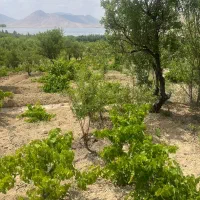 فروش باغ ۲۰۰۰ متری با ویو تالاب چغاخور|فروش زمین و ملک کلنگی|بلداجی, |دیوار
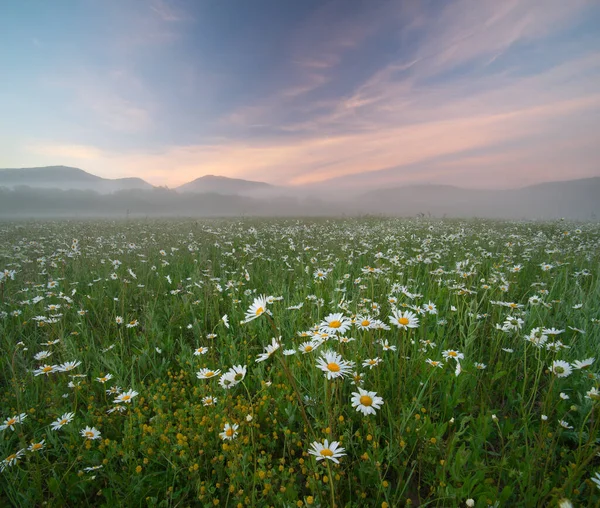 Daisy Meadow Foggy Morning Nature Composition — Stock Photo, Image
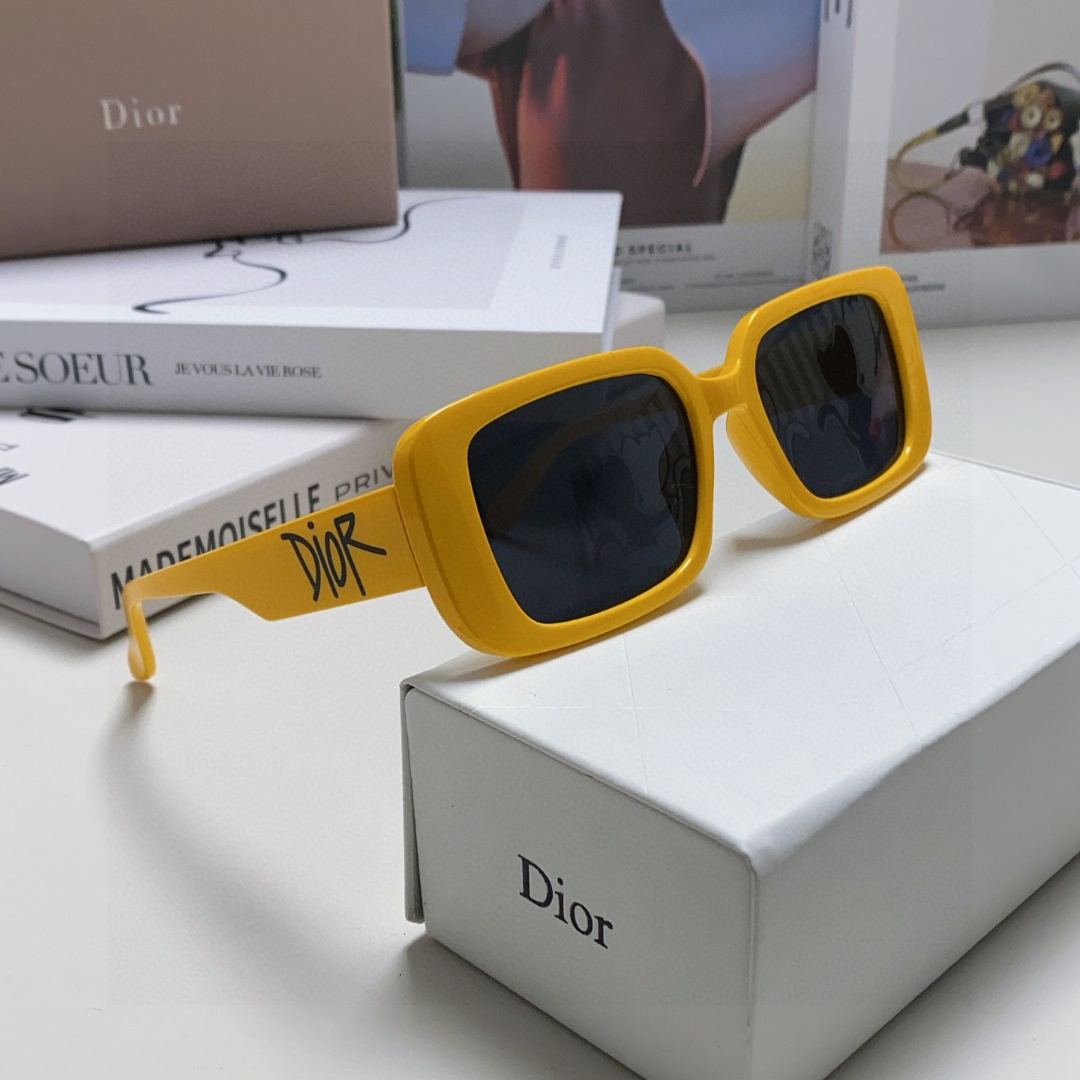 2024 Dior Sunglass · ディオール サングラス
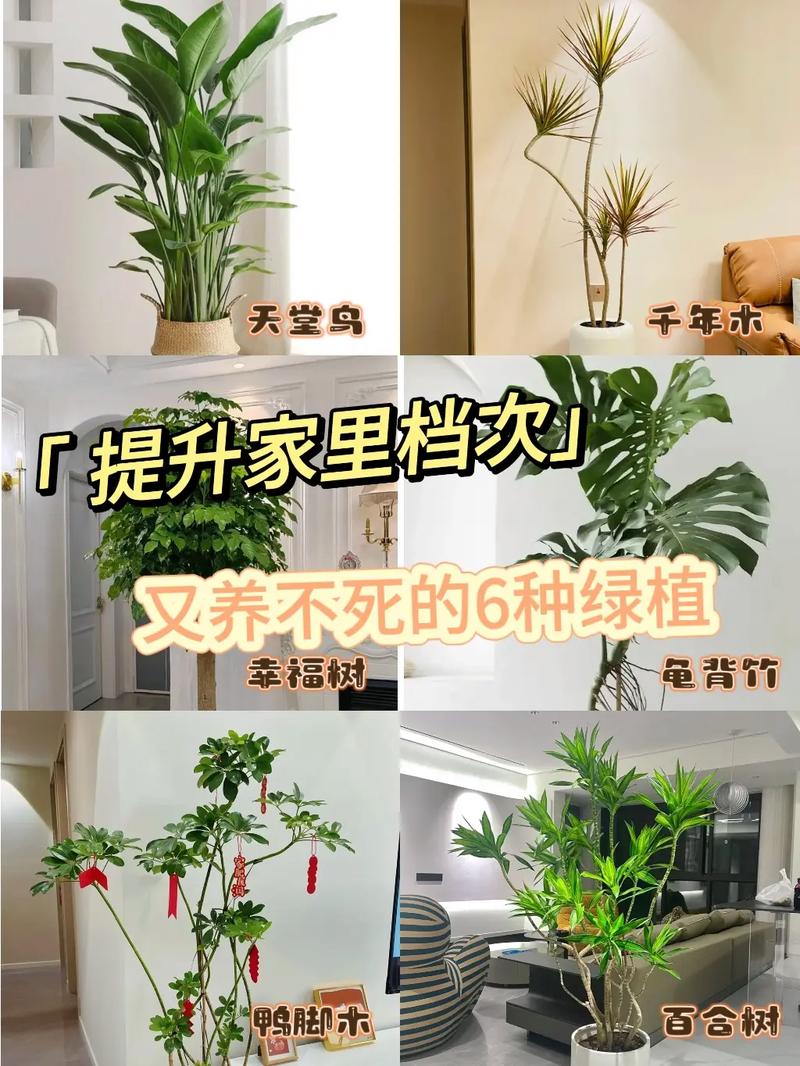 东北家养绿植怎么养护（东北家养花）-第3张图片-多多自然网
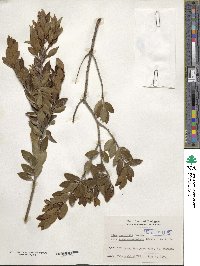 Ilex sugerokii var. brevipedunculata image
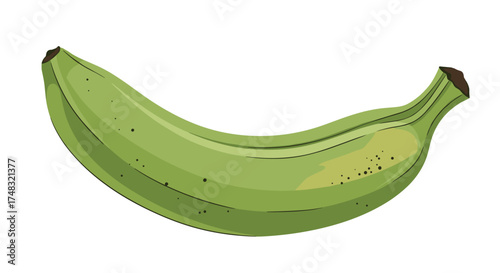 A single green banana is presented on a white background.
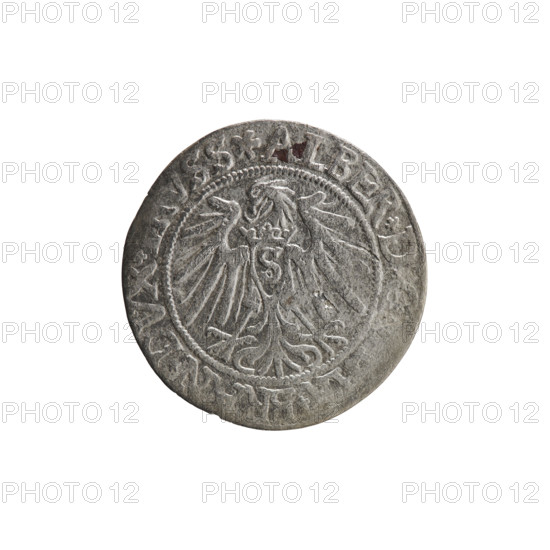 grosz, Vogelwaider (Vogelwaid), Eustachius, publisher, Decius, Jost Ludwik (fl. 1528-1535); eagles; Albrecht Hohenzollern (Prince of Prussia; 1490–1568) — iconography; Hohenzollern (coat of arms); male busts in armor. Obverse: Prussian eagle, on its chest a crowned letter S; on the rim between pearl borders an inscription beginning with a rosette ALBER*D*G, *BRAN*DVX*. Reverse: male bust in armor, profile turned to the right, short hair, beard with sideburns; on the rim between pearl borders an inscription beginning with the Hohenzollern coat of arms *IV, EX*FIDE*VIVIT*I539*. Date: 1539, Königsberg, Ducal Prussia (1525–1701). Coin: diameter 23.2 mm, weight 1.59 g, axis 135°.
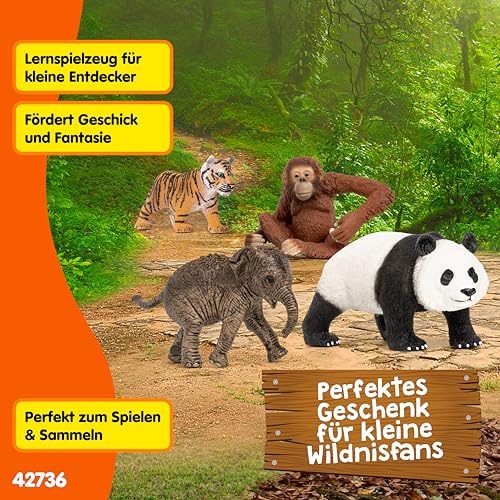 Schleich WILD Life | Asien Starterset 42736 | ab 3 Jahren | 4 Teile – Ansicht 6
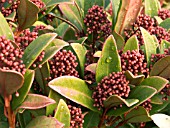 SKIMMIA JAPONICA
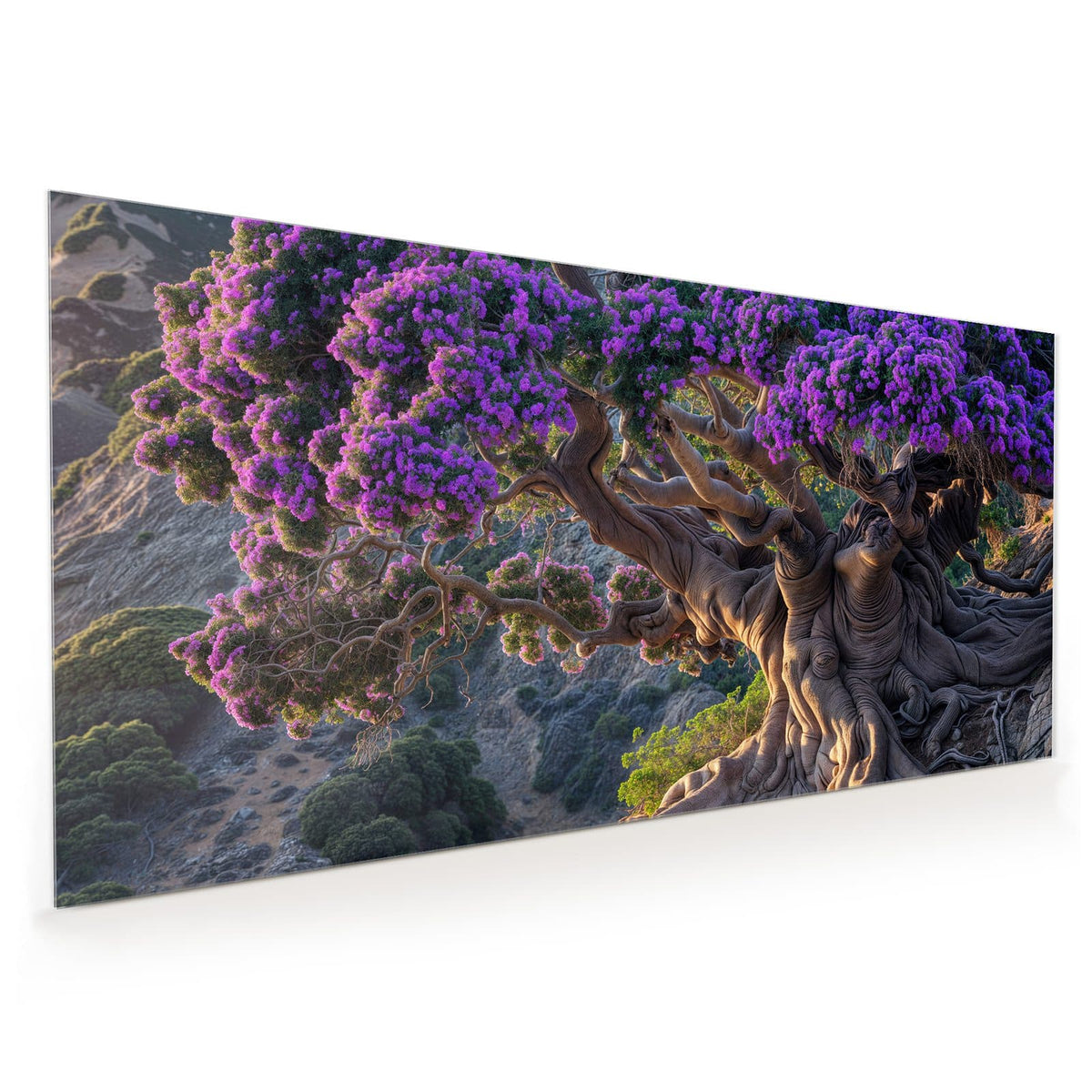 Küchenrückwand aus Glas im Hochformat: Knorriger Baum mit mächtigen Wurzeln und leuchtend violetter Blütenkrone an einem Hang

• [WHAT YOU NEED TO DO]
Using the records above, print exactly the run of lines that starts with the line with "2024 Dior Sunglass · ディオール サングラス" and goes on through the line with "A single green", pictures excluded.

• [WRITTEN REPLY]
 2024 Dior Sunglass · ディオール サングラス
 东北家养绿植怎么养护（东北家养花）-第3张图片-多多自然网
 Ilex sugerokii var. brevipedunculata image
 A single green banana is presented on a white background.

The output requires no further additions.